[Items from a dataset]
☆ ☆ ☆ ☆

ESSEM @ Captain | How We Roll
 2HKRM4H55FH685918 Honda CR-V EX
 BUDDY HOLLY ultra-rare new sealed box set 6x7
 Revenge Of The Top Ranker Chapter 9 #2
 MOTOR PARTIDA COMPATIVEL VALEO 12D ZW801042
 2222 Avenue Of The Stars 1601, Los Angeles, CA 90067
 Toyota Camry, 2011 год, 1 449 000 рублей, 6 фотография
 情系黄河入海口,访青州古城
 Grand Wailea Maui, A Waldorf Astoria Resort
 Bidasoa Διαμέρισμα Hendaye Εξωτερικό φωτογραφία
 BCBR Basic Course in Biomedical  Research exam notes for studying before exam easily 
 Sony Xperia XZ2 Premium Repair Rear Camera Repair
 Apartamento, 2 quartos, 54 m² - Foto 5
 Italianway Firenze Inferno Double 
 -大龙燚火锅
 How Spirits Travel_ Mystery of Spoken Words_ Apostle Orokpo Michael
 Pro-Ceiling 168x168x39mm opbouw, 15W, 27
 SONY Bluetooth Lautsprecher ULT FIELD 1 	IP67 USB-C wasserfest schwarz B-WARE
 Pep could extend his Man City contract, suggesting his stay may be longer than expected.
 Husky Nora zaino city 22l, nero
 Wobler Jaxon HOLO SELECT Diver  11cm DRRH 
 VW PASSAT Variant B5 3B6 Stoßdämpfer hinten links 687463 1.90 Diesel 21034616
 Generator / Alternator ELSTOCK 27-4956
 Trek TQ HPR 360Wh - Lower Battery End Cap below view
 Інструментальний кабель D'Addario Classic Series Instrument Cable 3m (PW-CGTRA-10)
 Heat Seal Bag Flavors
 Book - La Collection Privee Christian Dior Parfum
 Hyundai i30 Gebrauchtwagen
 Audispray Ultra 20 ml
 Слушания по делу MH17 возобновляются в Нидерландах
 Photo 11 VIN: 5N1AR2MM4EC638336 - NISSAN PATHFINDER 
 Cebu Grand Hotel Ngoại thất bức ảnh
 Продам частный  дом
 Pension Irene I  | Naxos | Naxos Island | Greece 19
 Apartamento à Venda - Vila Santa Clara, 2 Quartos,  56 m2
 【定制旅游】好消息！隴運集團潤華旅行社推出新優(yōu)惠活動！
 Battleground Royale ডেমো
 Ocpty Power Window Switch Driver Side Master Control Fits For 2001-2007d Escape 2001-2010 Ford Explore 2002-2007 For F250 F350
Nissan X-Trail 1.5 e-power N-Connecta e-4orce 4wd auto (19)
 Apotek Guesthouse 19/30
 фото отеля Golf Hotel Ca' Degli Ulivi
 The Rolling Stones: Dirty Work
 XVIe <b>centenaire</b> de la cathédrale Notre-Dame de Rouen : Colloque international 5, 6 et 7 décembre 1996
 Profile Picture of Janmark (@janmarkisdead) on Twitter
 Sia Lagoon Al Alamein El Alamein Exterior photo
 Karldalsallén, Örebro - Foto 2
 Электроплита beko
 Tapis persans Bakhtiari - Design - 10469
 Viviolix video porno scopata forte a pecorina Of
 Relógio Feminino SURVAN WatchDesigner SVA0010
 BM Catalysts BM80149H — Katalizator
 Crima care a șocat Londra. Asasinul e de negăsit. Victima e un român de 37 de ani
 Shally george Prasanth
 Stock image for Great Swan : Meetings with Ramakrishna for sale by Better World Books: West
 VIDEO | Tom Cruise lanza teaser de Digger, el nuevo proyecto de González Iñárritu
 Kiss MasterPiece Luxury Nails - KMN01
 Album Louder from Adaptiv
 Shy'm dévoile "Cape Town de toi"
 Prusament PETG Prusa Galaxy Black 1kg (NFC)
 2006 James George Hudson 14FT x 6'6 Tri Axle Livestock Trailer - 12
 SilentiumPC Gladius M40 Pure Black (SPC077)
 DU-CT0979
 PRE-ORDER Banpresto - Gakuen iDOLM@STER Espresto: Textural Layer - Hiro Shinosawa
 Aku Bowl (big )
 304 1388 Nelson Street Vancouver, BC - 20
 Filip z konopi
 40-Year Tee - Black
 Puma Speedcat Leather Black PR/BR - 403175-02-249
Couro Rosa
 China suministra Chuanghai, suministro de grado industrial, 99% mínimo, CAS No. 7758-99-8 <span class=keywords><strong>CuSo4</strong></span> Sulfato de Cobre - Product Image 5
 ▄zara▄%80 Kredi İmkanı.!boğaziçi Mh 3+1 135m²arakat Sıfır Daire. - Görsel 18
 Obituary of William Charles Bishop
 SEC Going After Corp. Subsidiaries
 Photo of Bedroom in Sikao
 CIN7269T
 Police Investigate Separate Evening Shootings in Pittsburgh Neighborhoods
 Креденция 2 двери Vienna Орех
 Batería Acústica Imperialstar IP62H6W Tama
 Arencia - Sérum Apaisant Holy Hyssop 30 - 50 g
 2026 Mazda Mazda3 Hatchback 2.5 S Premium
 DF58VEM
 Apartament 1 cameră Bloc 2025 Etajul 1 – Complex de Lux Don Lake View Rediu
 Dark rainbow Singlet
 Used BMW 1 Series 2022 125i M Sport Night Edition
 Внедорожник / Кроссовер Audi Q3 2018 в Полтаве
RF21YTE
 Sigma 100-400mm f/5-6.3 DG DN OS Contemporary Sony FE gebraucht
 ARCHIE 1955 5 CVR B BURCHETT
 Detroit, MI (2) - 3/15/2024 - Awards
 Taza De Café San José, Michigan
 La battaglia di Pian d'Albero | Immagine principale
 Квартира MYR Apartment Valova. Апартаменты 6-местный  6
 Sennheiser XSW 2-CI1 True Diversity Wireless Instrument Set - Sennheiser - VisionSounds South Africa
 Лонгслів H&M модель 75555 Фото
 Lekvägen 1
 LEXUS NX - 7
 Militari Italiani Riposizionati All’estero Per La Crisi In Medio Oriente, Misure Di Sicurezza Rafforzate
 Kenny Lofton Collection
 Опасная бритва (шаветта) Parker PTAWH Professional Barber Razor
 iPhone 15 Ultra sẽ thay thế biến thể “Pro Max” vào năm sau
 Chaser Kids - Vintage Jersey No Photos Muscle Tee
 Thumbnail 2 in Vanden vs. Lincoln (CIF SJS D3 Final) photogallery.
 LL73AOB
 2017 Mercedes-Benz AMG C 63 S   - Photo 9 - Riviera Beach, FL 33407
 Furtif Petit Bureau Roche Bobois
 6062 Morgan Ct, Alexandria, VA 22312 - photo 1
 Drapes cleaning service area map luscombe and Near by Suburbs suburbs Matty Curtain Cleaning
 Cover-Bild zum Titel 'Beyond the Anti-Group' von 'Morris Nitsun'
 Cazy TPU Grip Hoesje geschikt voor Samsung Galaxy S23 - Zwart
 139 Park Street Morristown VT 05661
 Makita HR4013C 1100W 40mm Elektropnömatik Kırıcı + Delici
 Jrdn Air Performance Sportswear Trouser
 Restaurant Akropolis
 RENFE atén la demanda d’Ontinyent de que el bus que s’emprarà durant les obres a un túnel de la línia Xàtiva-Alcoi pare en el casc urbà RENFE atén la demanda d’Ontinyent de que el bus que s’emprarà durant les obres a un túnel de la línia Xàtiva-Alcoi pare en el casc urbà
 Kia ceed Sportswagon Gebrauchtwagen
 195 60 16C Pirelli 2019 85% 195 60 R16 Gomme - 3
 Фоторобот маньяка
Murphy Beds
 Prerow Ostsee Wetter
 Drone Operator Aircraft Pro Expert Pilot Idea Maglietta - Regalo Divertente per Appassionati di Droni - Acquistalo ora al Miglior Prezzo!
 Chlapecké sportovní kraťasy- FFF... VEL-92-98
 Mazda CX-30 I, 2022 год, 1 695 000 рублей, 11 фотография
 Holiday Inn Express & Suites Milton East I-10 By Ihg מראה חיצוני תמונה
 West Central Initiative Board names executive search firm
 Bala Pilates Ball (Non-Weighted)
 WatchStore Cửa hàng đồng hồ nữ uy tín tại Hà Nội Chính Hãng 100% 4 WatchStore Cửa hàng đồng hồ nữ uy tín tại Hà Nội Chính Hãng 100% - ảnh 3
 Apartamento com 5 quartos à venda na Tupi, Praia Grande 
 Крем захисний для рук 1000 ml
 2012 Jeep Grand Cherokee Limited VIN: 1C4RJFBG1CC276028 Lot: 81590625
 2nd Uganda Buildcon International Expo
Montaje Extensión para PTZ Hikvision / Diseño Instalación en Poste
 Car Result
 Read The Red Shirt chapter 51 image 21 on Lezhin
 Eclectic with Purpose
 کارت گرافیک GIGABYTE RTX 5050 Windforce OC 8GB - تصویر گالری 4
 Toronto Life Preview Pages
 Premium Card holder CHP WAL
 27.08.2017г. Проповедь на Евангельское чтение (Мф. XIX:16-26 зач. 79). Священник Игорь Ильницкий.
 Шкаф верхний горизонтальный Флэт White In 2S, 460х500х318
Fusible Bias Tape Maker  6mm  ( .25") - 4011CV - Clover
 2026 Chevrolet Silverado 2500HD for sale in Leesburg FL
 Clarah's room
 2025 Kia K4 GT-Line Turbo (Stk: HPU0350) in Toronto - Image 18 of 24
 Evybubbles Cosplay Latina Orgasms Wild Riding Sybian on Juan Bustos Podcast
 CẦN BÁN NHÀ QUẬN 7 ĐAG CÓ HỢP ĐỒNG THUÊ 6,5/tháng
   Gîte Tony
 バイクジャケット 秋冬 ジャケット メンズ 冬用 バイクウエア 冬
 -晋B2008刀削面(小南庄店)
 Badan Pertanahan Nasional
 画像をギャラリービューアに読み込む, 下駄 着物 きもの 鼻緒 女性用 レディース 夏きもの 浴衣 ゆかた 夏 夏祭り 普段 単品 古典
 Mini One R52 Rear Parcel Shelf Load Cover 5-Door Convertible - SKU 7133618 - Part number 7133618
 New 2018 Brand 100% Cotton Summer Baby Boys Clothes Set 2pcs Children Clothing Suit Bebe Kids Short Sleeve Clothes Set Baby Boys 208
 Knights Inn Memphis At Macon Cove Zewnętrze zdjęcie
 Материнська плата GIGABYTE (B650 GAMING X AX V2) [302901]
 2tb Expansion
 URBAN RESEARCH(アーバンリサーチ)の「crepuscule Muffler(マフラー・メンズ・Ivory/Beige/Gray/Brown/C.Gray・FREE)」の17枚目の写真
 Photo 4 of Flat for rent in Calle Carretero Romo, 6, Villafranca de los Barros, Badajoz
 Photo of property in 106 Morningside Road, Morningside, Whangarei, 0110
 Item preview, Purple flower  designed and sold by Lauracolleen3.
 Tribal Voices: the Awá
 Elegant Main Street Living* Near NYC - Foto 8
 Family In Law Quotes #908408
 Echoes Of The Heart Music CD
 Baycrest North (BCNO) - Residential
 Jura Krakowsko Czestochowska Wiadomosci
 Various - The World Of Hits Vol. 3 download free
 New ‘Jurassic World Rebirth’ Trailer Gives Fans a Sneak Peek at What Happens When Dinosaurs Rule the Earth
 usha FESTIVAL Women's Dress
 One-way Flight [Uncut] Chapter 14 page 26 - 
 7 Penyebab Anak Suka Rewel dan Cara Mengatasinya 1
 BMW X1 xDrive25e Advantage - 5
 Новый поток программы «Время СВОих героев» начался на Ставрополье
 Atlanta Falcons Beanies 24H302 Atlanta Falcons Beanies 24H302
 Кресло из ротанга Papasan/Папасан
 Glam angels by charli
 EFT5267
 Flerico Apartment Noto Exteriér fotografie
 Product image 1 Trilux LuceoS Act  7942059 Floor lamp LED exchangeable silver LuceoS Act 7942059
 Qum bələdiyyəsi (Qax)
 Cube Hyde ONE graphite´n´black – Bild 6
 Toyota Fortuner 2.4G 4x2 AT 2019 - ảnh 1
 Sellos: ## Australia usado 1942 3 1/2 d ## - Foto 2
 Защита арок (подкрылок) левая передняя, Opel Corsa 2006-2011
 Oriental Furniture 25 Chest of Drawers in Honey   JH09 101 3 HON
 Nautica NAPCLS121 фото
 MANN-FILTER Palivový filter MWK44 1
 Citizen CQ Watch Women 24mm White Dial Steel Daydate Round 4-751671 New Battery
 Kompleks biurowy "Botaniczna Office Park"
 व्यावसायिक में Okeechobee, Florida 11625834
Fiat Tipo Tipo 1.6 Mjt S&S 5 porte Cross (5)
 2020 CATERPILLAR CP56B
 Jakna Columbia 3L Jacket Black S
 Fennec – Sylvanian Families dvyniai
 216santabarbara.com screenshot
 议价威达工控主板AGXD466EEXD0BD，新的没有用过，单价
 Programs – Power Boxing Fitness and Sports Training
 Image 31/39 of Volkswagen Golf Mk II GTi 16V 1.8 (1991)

☆ ☆ ☆ ☆

About this exercise: Each line of the data that contains "Rear" belongs in the answer.

Your response:
 Sony Xperia XZ2 Premium Repair Rear Camera Repair
 Mini One R52 Rear Parcel Shelf Load Cover 5-Door Convertible - SKU 7133618 - Part number 7133618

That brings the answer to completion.